DCAP plans offered through the workplace can be either a standalone health care account, or part of an employer offered “cafeteria plan.” In both cases pre-tax dollars are contributed to the account thereby effectively reducing an employee’s take-home pay, thus the amount of taxable income. Through such plans, an employee can contribute annually up to $5000 of his or her gross income, thus pre-tax dollars, or $2500 for married employees filing separately. These accounts can be used to either reimburse dependent care expenses or be accessed directly to pay for out-of-pocket expenses. If you participate in a DCAP plan, you are not allowed to file Form 2441.
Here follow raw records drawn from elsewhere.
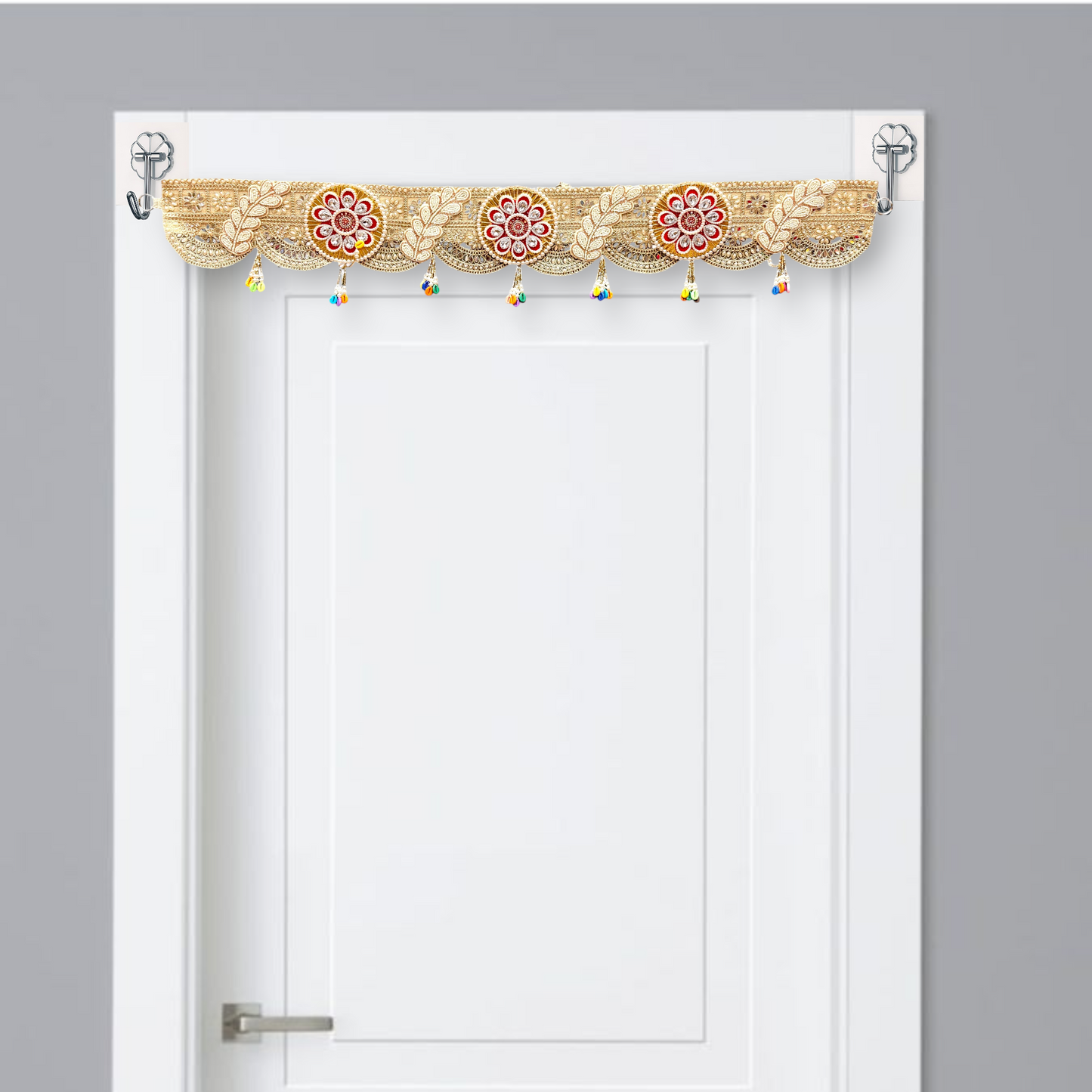Fancy 40 Inch Handmade Designer Toran | Beaded Floral Door Hanging | Festive Home Decor Toran for Diwali, Wedding & Pooja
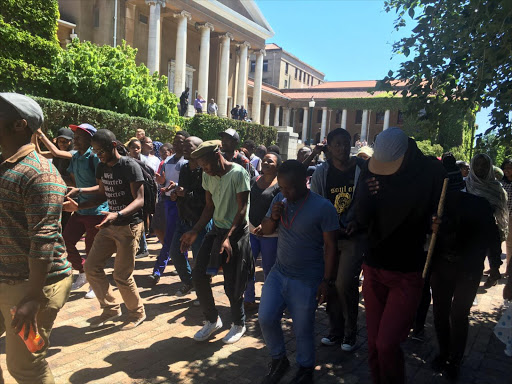 Students went from building to building in an attempt to disrupt academic activity at the University of Cape Town on 19 October 2016.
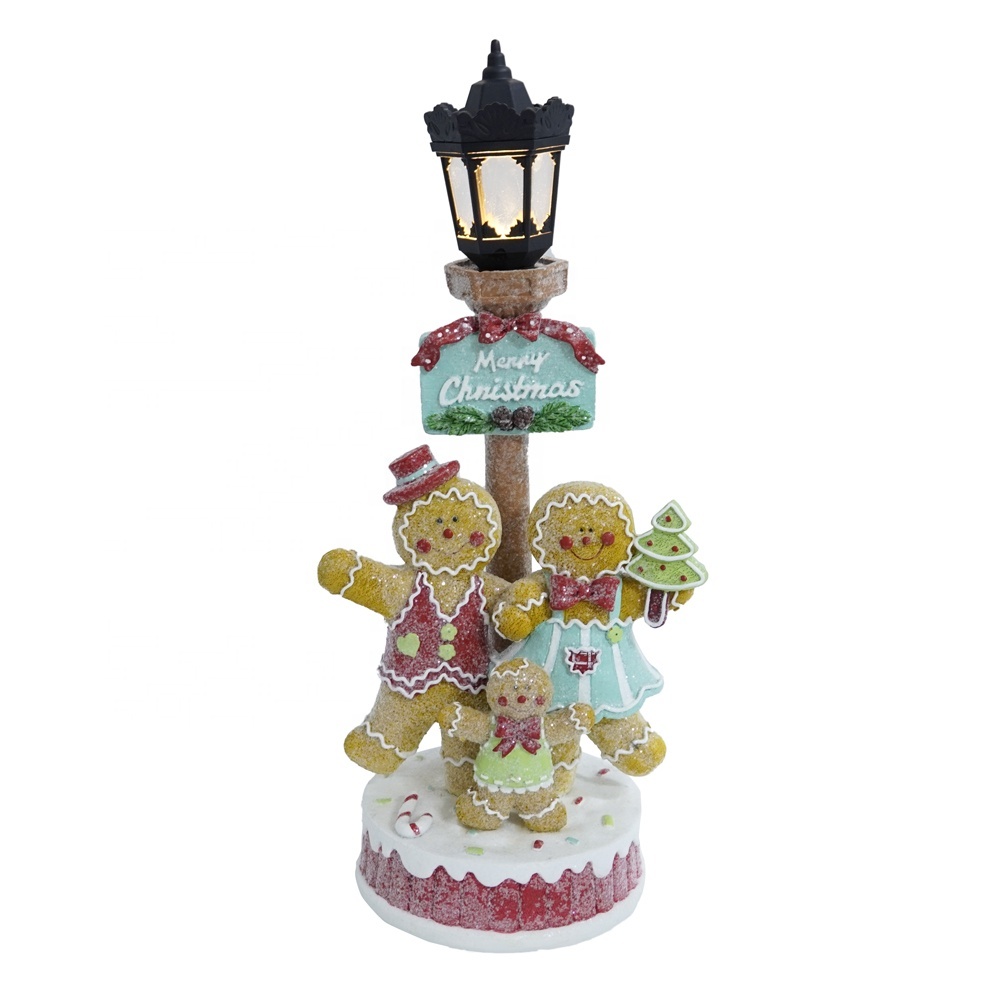 Wholesale Handmade Resin Crafts Custom Christmas Gingerbread With Led Street Light christmas village figurine christmas resin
Dependent care assistance, defined as dependent care services that an employed person needs to access in order to be able to work, includes (1) expenses for household services incurred to provide care to a qualifying person, and (2) expenses incurred to provide care to a qualifying person outside the employee’s home.
A good, reputable in-home caregiver agency provides these approved, reimbursable services. Not only will you have relief, peace of mind, and more time for yourself with an in-home caregiver, but you will also be saving real income dollars.
The information in the article is not intended to substitute for the medical expertise and advice of your healthcare provider. We encourage you to discuss any decisions about treatment or care with an appropriate healthcare provider.